CATEGORIE
da Rugiada
Ti ricordi le nostre serate sedute sul divano, con la televisione accesa come un fuoco domestico dei tempi moderni? Non era lo schermo a tenerci lì, ma quella prossimità silenziosa che trasformava un gesto ordinario in un rito. Dopo la pizza condivisa, semplice e fragrante, restava nell’aria un senso di compiutezza umile, quasi sacra. Come se la felicità avesse scelto di abitare nelle cose minime.

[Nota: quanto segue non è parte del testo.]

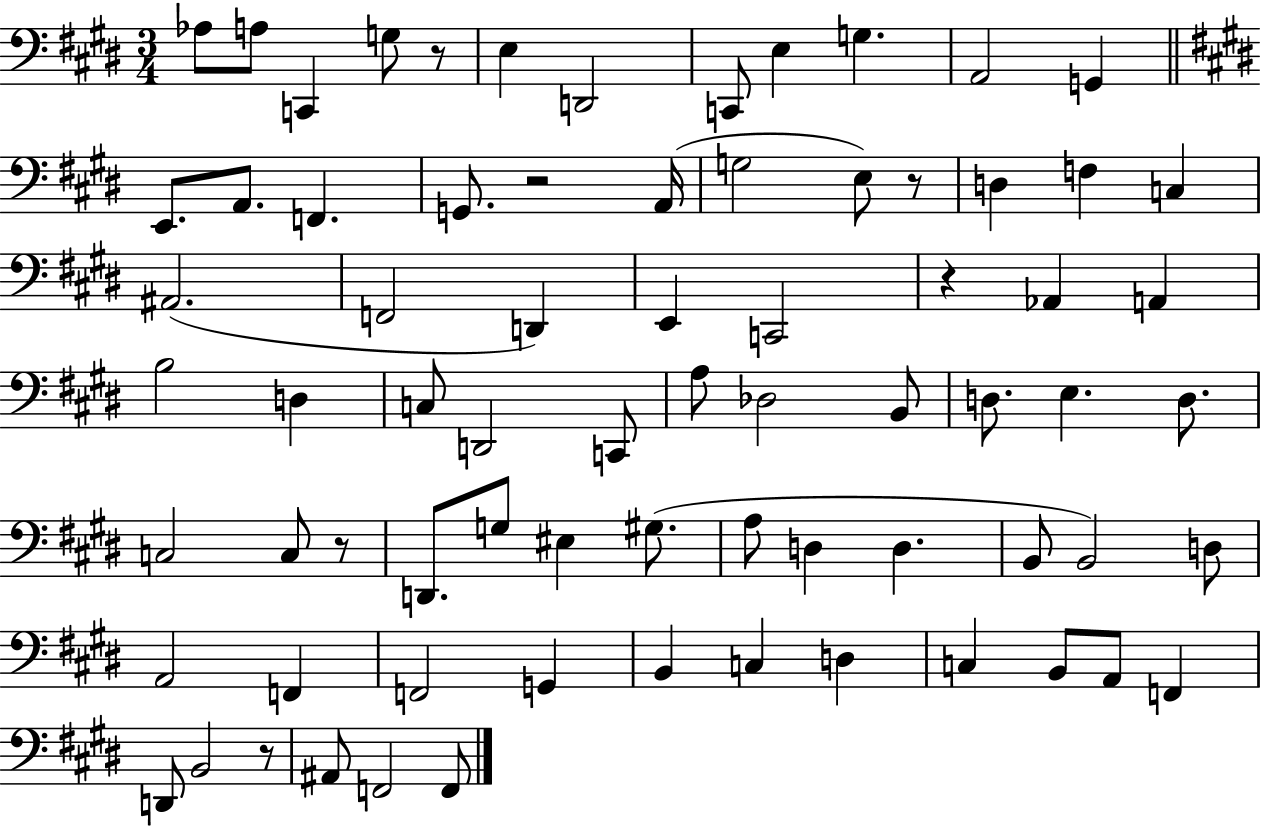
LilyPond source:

C’era quel gattino che ci impastrocchiava di peli, presenza lieve e indisciplinata. Non ricordo il suo nome, ma ricordo il suo attraversare lo spazio tra noi senza chiedere permesso, come fanno le verità che non temono di esistere. Si accoccolava, reclamava carezze, e nel suo piccolo corpo vibrava una lezione elementare: ciò che è vivo non conosce distanza.
Poi arrivava l’ora di andare. Un’ora che non era soltanto tempo, ma misura del limite. E l’abbraccio. In quell’abbraccio mi perdevo, ma non era smarrimento: era ritorno. Perché lì c’era casa. Non nei muri, non nelle stanze, non in un indirizzo inciso su una targa. Casa era quella sospensione in cui il mio essere cessava di difendersi. Era il punto in cui due solitudini, invece di annullarsi, si riconoscevano.

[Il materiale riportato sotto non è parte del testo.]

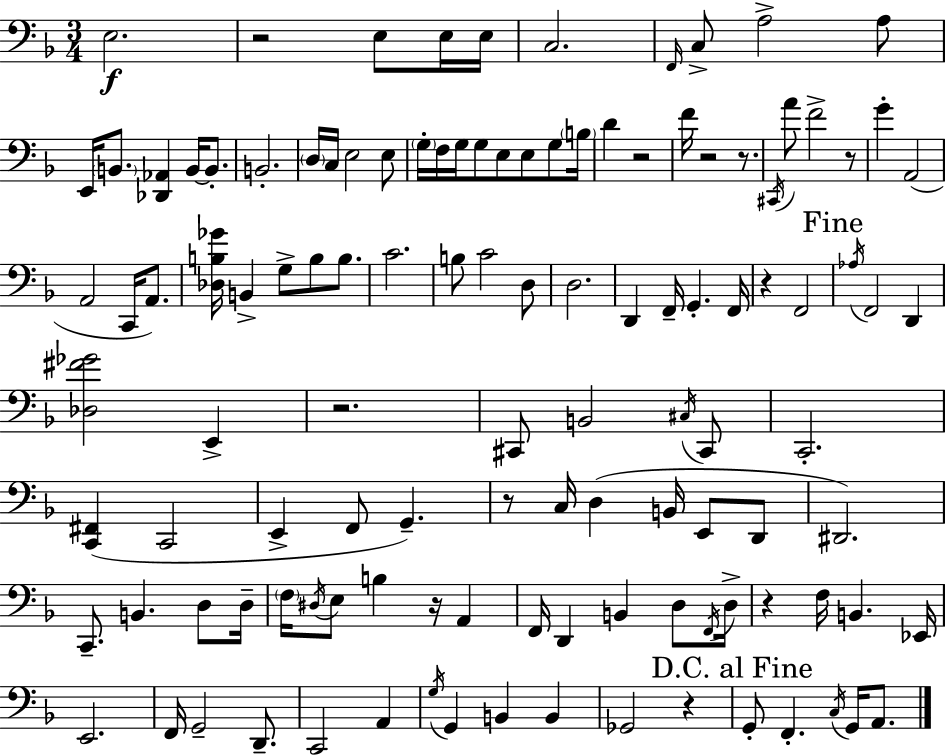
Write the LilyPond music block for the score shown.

In quella stretta sentivo una verità antica, quasi filosofica: l’essere non è mai completo da solo, ma trova compimento nel riconoscimento. Non era dipendenza, non era bisogno. Era presenza. Era il raro miracolo di potersi fermare e dire, senza parole, “qui posso esistere”.
Ora so che la memoria non custodisce solo immagini, ma significati. E quelle sere, così ordinarie da sembrare trascurabili, sono diventate una forma di sapere. Ho imparato che la casa non è un luogo stabile nel mondo, ma un istante condiviso in cui l’anima si sente intera.
E se ripenso a quell’abbraccio, non lo ricordo come un addio, ma come una rivelazione. Perché per un tempo preciso e irripetibile, io sono stata a casa.
21 febbraio 2026
Categoria: Ricordi
da Anonimo
Secondo me il gatto appiccicoso è stato il vero regista nascosto di quel vostro momento inimitabile, a metà tra poesia vera e semplice quotidianità. Quasi quasi avrei voluto essere al suo posto!😺
21 febbraio 2026
da Rugiada
X anonimo
Ah ma certo! 😹
Altro che regista nascosto… il gatto appiccicoso era l’autore, il produttore e pure il direttore delle coccole!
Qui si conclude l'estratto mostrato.